N. S. Moore1, J. H. Laird Jr1, N. Verma1, T. Hager1,2, D. Sritharan1,2, V. Lee1, R. Maresca1,2, S. Chadha1, H. S. M. Park1, and S. Aneja1,2; 1Department of Therapeutic Radiology, Yale School of Medicine, New Haven, CT, 2Center for Outcomes Research and Evaluation (CORE), New Haven, CT
Purpose/Objective(s): Patients with oligometastatic disease (OMD) often benefit from ablative metastasis-directed therapy, yet recognizing these unique patients remains a challenge. OMD status is not currently coded in tumor registry or common data models, limiting efforts to identify patients for clinical care and research. We hypothesized that applying language models to clinical text that is readily available from tumor registries could classify patients with non-small cell lung cancer (NSCLC) as oligometastatic or otherwise.

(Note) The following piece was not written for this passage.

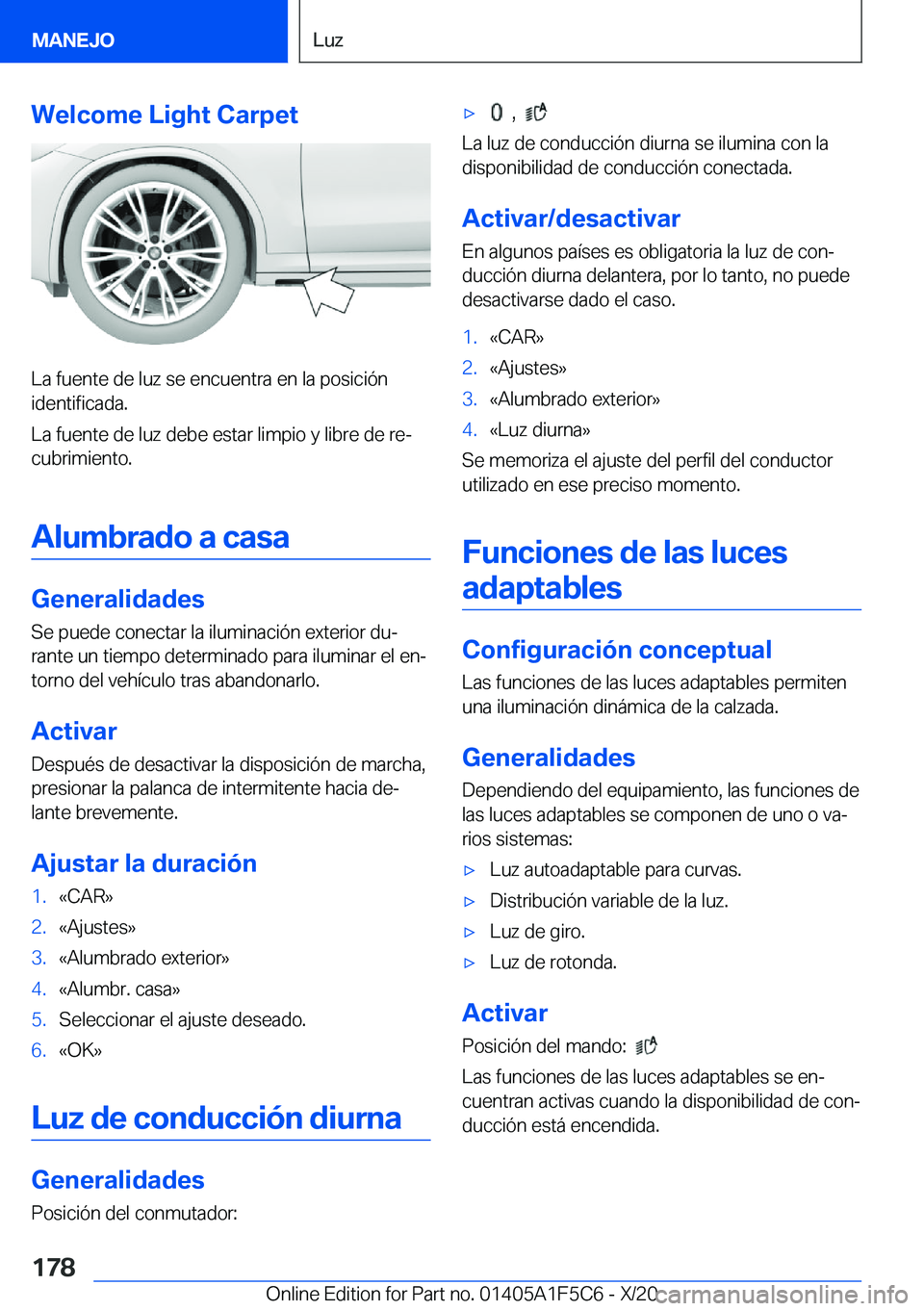BMW X4 M 2021  Manuales de Empleo (in Spanish) �W�e�l�c�o�m�e��L�i�g�h�t��C�a�r�p�e�t
�L�a��f�u�e�n�t�e��d�e��l�u�z��s�e��e�n�c�u�e�n�t�r�a��e�n��l�a��p�o�s�i�c�i�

Materials/
Methods: Clinical data including radiology impressions from tumor registry were obtained for 2884 patients with stage IV NSCLC treated at a single institution from 2010-2019. Records were classified based on burden of disease within 6 months of diagnosis as: locoregional, oligometastatic (1-5 metastases), polymetastatic (>5 metastases), or NOS/unknown. Radiology impressions were used to train and evaluate text classifiers from three model architectures: (1) convolutional neural networks (CNN) using scispaCy word vectors, (2) BERT-based transformers, and (3) a large language model, MEDITRON-7B. Classifiers were evaluated on the test cohort comparing ROC AUC, F1-score, precision, sensitivity/recall, computational requirements, and speed. A subgroup analysis of the test cohort included only records that could be correctly classified by blinded clinician review of radiology impressions alone. Shapley values were used to assess model interpretability. Results: In total, 684 patients were classified as locoregional (n=251, 37%), oligometastatic (n=175, 26%), polymetastatic (n=190, 28%), or NOS/unknown (n=64, 10%). Binary models were class-balanced with equal proportions of oligometastatic vs other (n=175 each). Across architectures, binary models were more accurate than multicategory models. Among BERT-based models tested, ClinicalBERT demonstrated best performance. MEDITRON performance improved with increasing number of in-context examples to 5. Evaluated on the test cohort, models demonstrated AUC of 0.45 for CNN, 0.58 for ClinicalBERT, and 0.65 for MEDITRON. For the subgroup of impressions correctly classified by blinded clinician review, AUC was 0.39 for CNN, 0.71 for ClinicalBERT, and 0.61 for MEDITRON. Review of Shapley values for the test set identified terms with clinical relevance. Terms with the greatest mean contribution towards oligometastatic classification included “nodule”, “lobe”, “mass”, and “enhancement”, often in the context of brain MRI. Those towards non-oligometastatic classification included “heterogeneous”, “adenopathy”, and “lymphatic.” Conclusion: Language models applied to radiology impressions identify oligometastatic NSCLC patients with acceptable accuracy. Our work suggests a role for language models to screen patients with OMD for further review based on limited and widely available clinical text, to advance care for a patient cohort that may not be routinely recognized.